Ishimaru debuted with Nagoya as a middle infielder in 1941, hitting only .197/.236/.201 in 73 games, with 5 runs, 8 RBI and 22 errors. He moved to the mound in 1942 and was much better (17-19, 1.71). The JPBL was a pitcher-friendly league and he missed the top 10 in ERA by .03 behind Takao Misono. He was the ace of a team that was 19-41 when other pitchers got the decision, thus getting nearly half their wins. He tied Minoru Kasamatsu for 9th in the league in wins, was 4th in losses, was 7th in games pitched (56, between Tadashi Wakabayashi and Kasamatsu), tied Shuichi Hirose for 9th in complete games (18), was 6th in innings (347 2/3), ranked 8th in hits allowed (227), led with 169 walks (25 more than runner-up Shigezo Ishihara) and led with two balks.

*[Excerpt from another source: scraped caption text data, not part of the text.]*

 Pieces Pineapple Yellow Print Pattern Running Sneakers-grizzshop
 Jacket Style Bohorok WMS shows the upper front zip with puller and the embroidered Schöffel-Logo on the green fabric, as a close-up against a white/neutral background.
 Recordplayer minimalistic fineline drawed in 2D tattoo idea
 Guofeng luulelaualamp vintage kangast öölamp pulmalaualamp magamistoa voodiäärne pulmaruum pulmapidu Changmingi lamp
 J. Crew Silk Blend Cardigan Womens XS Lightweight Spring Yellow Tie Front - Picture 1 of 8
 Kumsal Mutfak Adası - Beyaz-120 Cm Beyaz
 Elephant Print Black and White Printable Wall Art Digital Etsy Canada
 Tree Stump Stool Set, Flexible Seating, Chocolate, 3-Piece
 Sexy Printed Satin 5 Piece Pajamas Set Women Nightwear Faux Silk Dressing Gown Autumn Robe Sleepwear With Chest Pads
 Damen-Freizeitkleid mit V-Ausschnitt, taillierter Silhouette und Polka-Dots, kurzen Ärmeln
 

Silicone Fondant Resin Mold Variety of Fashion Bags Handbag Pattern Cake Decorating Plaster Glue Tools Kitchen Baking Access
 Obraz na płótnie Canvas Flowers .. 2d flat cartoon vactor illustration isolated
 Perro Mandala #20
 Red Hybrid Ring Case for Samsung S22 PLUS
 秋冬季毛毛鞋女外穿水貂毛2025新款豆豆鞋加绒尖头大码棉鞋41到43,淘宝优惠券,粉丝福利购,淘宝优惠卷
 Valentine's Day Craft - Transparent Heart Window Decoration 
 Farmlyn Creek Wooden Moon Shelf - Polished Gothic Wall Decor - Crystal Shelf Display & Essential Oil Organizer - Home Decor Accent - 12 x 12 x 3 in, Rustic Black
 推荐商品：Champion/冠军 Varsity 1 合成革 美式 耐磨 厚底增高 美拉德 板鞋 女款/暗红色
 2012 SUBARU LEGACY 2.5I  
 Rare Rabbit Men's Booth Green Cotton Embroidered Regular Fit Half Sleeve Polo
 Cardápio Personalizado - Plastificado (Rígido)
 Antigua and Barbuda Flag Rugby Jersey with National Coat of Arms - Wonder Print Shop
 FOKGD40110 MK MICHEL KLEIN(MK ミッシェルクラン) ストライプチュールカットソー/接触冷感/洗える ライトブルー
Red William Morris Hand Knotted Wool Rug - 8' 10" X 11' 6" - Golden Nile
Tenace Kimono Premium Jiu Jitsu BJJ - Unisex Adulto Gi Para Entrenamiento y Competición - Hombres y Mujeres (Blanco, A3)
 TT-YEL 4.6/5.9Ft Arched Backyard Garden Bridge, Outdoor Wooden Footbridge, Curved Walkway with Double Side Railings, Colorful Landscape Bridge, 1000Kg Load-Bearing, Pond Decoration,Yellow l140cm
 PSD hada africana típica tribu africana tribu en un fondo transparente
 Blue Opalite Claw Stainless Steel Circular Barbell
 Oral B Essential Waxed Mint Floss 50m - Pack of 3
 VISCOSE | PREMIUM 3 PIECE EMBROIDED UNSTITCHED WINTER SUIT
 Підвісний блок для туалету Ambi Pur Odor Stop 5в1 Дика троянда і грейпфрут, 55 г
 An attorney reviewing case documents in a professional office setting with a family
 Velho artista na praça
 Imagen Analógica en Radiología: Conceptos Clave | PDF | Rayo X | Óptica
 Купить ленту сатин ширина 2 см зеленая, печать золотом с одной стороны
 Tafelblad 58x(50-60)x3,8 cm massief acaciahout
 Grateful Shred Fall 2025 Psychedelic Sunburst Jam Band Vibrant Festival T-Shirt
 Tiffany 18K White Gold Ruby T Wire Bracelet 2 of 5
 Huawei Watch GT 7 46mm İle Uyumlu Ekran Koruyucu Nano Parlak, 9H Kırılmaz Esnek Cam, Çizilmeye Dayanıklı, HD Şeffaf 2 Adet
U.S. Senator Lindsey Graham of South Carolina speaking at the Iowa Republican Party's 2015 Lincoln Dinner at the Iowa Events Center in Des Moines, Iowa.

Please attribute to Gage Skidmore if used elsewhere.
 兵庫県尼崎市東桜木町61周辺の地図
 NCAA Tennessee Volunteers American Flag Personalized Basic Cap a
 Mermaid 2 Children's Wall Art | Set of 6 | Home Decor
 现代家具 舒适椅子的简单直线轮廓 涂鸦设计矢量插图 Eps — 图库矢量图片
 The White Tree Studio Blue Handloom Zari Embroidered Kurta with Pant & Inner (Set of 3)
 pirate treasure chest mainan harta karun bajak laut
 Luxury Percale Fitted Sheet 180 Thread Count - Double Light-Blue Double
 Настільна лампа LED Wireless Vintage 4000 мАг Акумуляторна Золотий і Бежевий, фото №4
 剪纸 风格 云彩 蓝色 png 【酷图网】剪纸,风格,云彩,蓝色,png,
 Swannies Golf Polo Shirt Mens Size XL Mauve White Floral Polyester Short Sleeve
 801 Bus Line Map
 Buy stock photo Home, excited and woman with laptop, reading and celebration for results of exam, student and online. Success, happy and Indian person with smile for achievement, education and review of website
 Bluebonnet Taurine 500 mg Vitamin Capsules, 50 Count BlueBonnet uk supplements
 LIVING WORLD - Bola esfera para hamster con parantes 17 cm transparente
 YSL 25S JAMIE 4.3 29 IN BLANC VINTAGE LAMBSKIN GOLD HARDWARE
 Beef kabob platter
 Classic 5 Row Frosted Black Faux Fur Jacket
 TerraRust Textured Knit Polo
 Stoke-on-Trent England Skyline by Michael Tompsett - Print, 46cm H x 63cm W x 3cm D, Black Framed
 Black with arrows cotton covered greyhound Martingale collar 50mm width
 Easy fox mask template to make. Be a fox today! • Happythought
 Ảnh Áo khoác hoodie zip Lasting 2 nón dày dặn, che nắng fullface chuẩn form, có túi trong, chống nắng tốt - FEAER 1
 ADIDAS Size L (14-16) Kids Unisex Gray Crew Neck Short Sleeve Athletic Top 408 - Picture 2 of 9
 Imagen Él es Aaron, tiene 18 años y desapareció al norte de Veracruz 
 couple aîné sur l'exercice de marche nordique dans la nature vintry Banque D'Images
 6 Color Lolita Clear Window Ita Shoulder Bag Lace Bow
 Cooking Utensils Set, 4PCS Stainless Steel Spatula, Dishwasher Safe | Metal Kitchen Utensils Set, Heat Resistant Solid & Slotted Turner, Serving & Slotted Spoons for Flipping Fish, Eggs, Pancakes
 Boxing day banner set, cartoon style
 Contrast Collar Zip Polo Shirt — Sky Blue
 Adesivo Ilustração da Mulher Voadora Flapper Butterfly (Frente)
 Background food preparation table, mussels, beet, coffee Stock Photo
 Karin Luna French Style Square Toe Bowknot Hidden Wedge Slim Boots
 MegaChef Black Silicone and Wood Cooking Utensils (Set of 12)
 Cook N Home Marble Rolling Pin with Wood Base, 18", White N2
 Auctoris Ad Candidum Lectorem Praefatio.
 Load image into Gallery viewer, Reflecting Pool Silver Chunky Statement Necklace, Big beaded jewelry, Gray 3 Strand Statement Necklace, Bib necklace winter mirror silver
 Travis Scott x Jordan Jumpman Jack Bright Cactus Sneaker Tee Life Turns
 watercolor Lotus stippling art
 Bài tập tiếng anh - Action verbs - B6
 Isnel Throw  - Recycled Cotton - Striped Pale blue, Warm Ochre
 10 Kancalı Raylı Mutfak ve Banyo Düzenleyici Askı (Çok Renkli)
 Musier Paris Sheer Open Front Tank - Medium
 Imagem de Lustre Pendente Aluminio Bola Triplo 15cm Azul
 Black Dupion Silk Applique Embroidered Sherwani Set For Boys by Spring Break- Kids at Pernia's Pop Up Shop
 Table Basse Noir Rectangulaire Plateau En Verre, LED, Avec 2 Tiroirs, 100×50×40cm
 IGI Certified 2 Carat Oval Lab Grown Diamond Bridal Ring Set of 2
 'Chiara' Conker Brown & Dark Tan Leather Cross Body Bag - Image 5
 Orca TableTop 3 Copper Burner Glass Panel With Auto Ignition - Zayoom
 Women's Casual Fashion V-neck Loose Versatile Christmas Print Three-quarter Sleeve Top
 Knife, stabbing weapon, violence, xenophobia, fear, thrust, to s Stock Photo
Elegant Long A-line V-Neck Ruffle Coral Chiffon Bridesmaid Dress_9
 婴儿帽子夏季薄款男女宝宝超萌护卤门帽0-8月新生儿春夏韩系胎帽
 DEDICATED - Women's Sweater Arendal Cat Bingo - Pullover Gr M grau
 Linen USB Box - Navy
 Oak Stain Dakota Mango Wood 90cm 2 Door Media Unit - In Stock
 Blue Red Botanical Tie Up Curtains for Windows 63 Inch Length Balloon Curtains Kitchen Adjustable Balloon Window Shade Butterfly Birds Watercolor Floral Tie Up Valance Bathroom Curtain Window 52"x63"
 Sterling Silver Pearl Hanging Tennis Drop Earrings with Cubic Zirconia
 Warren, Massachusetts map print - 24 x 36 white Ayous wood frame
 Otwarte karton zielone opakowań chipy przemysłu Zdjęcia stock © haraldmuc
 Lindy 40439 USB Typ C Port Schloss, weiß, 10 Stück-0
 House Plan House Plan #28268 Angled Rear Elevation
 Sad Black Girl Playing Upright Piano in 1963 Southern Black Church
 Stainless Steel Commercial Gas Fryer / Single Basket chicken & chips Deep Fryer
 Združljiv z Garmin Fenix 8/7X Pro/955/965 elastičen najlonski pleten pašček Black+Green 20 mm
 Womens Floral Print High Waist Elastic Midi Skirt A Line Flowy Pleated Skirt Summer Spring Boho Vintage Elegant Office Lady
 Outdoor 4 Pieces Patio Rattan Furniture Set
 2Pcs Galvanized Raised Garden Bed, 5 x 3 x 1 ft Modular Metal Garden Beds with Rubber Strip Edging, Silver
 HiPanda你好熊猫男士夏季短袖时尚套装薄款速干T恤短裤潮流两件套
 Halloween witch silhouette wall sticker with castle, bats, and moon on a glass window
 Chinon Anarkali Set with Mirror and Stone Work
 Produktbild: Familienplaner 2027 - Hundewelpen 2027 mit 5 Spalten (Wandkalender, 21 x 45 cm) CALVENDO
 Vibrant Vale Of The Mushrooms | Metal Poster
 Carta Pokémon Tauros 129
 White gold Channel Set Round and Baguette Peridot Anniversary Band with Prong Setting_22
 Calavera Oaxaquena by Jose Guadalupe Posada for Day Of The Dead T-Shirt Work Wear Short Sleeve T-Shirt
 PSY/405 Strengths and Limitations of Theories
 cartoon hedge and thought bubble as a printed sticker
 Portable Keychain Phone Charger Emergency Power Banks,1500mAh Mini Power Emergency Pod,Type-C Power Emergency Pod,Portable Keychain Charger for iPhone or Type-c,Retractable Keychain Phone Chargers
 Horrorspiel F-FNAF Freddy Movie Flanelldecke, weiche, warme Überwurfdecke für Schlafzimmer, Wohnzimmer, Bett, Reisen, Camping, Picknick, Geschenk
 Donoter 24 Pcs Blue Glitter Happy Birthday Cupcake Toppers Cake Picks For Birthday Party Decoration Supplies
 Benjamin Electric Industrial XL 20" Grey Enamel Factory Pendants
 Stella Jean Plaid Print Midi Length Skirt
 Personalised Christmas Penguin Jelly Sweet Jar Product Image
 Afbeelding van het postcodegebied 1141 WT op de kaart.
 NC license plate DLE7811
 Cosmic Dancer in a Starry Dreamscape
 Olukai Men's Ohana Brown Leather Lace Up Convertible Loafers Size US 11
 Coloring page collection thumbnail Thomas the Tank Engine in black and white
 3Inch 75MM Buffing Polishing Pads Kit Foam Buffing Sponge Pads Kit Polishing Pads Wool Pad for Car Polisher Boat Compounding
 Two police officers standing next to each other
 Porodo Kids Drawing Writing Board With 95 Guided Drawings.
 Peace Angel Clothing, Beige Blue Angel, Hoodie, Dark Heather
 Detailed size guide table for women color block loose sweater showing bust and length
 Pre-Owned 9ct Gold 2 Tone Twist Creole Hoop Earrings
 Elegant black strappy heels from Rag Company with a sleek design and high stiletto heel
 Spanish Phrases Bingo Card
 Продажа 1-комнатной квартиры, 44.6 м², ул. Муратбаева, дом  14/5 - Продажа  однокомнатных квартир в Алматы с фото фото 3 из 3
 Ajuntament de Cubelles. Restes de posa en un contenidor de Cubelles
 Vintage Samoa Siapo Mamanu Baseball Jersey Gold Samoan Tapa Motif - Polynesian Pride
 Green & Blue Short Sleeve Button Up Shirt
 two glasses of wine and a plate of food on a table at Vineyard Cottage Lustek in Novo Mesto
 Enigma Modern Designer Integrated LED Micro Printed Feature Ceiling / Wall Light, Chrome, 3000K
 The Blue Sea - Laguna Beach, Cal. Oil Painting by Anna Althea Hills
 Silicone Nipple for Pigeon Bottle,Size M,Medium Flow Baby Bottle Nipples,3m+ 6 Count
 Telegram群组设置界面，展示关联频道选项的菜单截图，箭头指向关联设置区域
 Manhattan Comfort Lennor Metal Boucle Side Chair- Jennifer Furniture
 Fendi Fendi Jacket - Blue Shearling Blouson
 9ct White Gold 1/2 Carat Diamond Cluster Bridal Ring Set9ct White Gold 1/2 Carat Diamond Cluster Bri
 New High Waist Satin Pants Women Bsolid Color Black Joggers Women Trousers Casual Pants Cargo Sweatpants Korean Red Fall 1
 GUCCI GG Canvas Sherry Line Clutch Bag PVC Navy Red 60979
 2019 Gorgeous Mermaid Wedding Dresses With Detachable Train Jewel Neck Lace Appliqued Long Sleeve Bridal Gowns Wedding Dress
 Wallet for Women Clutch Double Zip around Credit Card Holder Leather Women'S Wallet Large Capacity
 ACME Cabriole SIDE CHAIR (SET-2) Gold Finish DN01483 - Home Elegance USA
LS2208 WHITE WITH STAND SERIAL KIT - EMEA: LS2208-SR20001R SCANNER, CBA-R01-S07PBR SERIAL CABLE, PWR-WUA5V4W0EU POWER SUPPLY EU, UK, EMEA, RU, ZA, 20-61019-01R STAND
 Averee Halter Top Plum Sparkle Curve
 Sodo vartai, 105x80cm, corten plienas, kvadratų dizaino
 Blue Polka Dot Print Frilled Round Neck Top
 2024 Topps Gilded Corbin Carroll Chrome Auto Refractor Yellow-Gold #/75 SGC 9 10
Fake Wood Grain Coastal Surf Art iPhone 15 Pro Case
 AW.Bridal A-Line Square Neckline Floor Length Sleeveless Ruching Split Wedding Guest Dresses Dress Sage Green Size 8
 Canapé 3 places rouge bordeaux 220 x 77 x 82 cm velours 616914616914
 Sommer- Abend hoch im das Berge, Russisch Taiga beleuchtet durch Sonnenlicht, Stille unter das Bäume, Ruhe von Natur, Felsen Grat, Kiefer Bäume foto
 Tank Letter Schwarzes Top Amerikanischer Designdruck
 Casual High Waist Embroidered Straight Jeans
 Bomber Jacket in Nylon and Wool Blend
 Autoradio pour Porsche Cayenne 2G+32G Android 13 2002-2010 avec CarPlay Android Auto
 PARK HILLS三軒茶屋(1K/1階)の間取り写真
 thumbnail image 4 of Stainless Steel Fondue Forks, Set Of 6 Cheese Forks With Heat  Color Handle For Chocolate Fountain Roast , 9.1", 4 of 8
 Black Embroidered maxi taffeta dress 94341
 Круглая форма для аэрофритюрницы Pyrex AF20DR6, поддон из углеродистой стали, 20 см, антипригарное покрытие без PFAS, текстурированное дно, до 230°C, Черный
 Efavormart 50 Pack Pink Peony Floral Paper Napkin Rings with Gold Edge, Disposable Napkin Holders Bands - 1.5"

In 1943, #26 improved to 20-12, 1.16 with 185 hits in 311 1/3 innings. On October 12, he threw a no-hitter against Yamato, the last no-no in Japan prior to World War II. It was the second no-hitter in Nagoya annals, following Michio Nishizawa. He made the JBL leaderboard in ERA (4th after Hideo Fujimoto, Yasuo Hayashi and Wakabayashi), wins (tied for 4th with Hayashi), games pitched (43, tied for 5th with Eiji Katayama), complete games (27, tied for 5th with Hayashi), shutouts (6, 7th), innings (5th, between Takehiko Bessho and Hayashi), walks (134, 8th, between Juzo Sanada and Wakabayashi) and whiffs (91, 10th).

Ishimaru entered the Imperial Japanese Navy late in 1943. In April 1945, he was assigned to the Kamikaze Special Attack Force Jinrai Corps. In May 11, he was sent to attack Americans by Okinawa but his plane was shot down along the way and he died. Before his suicide flight, he had asked for a baseball and threw 10 pitches, with a reporter umpiring the calls. He was the only JBL player who would serve as a kamikaze pilot during the War.

Shinichi had gone 37-31 with a 1.45 ERA in 99 NPB games. He completed 45 of 63 starts, 9 of them for shutouts. He allowed only 412 hits in 659 innings though he walked 303. He hit .173/.218/.183 with 13 runs and 24 RBI.